(Data items)

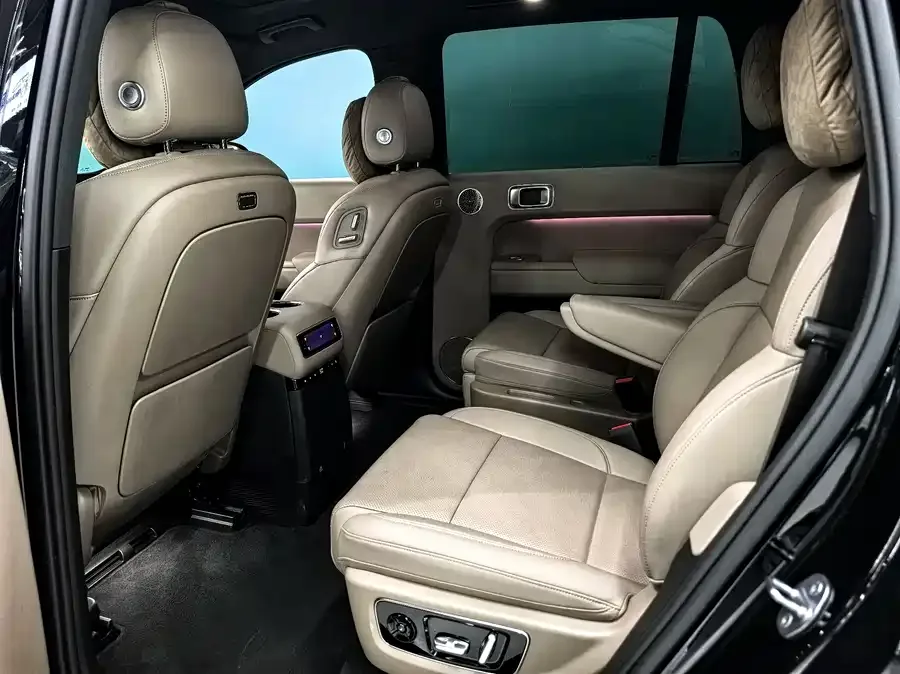 Li Xiang L9 Ideal L9 2025 Ultra Smart New Edition 2025 — миниатюра 2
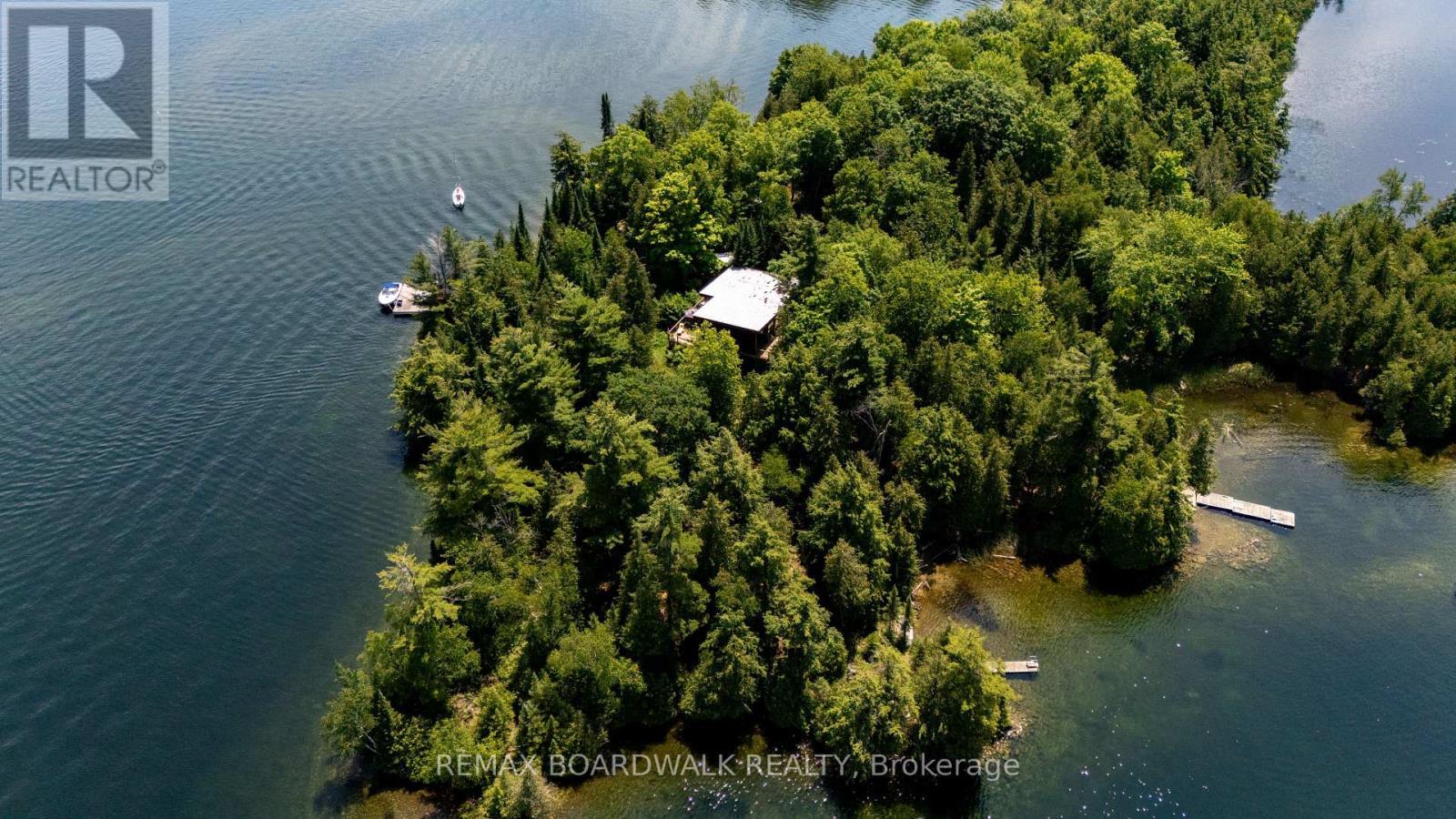 6603 Big Rideau Island, Rideau Lakes, ON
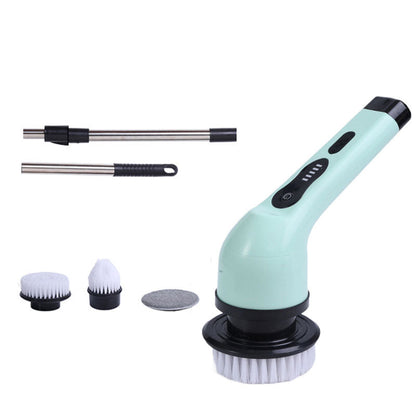 💐50% OFF ! Multifunctional Electric Brush – Goodbye Stubborn Stains 🔧💪【Special Price】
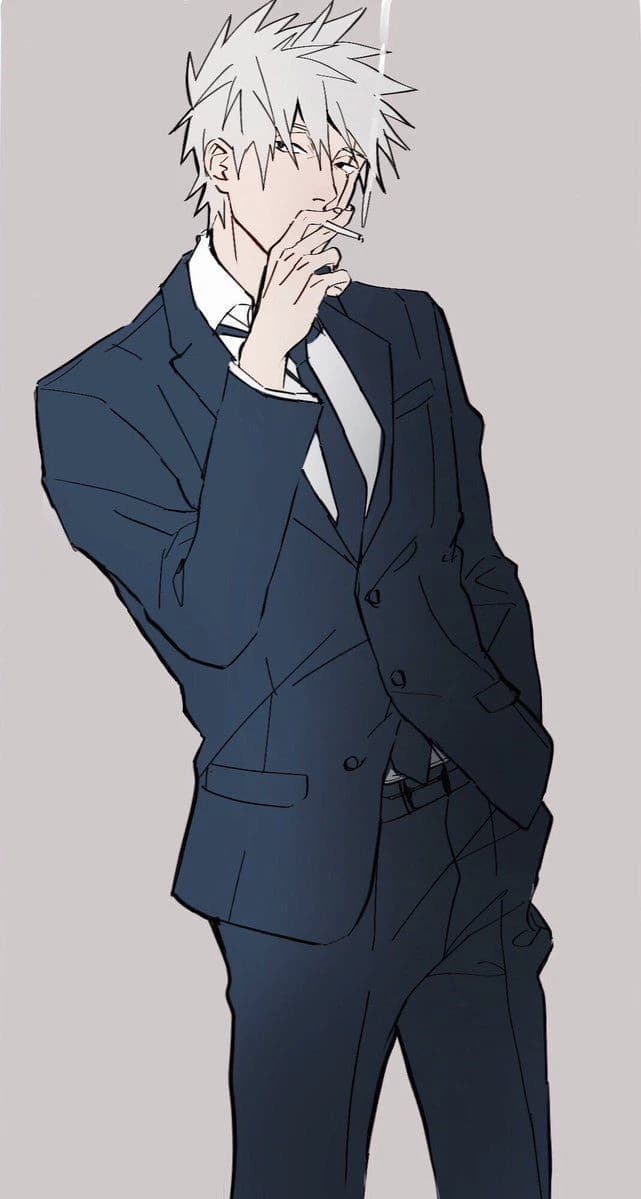 Kakashi hatake  thumbnail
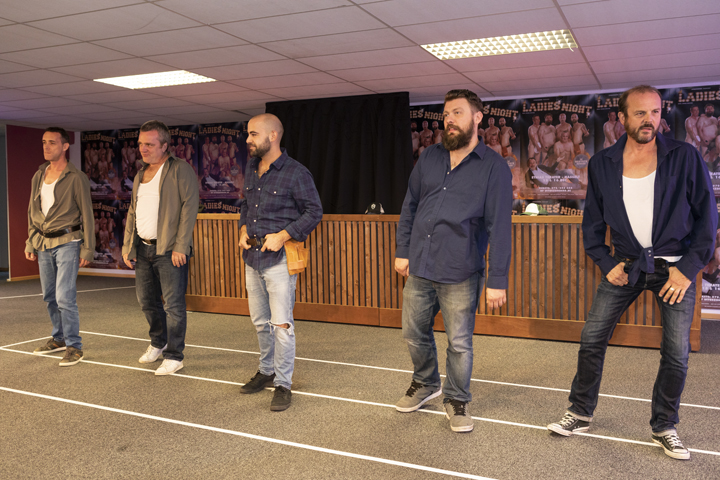 Ladies Night @ Uitgezonderd, foto 4, foto's door Frank Lambrechts - FrontView Magazine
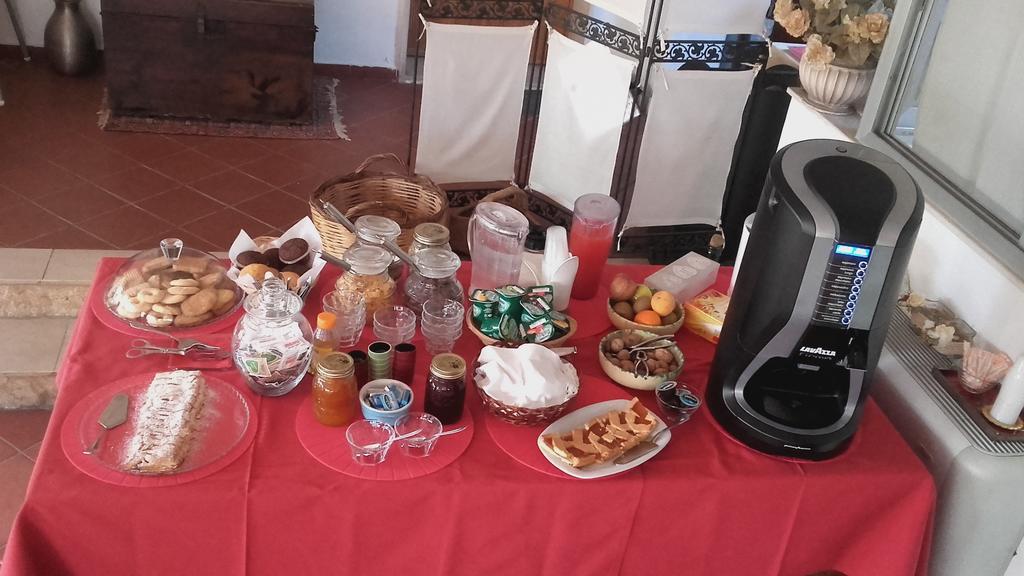 Agriturismo Le Vedute ビシェーリエ エクステリア 写真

• [How to complete this task]:
With all pictures omitted, repeat every record above word for word.

• [Written answer]:
 Li Xiang L9 Ideal L9 2025 Ultra Smart New Edition 2025 — миниатюра 2
 6603 Big Rideau Island, Rideau Lakes, ON
 💐50% OFF ! Multifunctional Electric Brush – Goodbye Stubborn Stains 🔧💪【Special Price】
 Kakashi hatake  thumbnail
 Ladies Night @ Uitgezonderd, foto 4, foto's door Frank Lambrechts - FrontView Magazine
 Agriturismo Le Vedute ビシェーリエ エクステリア 写真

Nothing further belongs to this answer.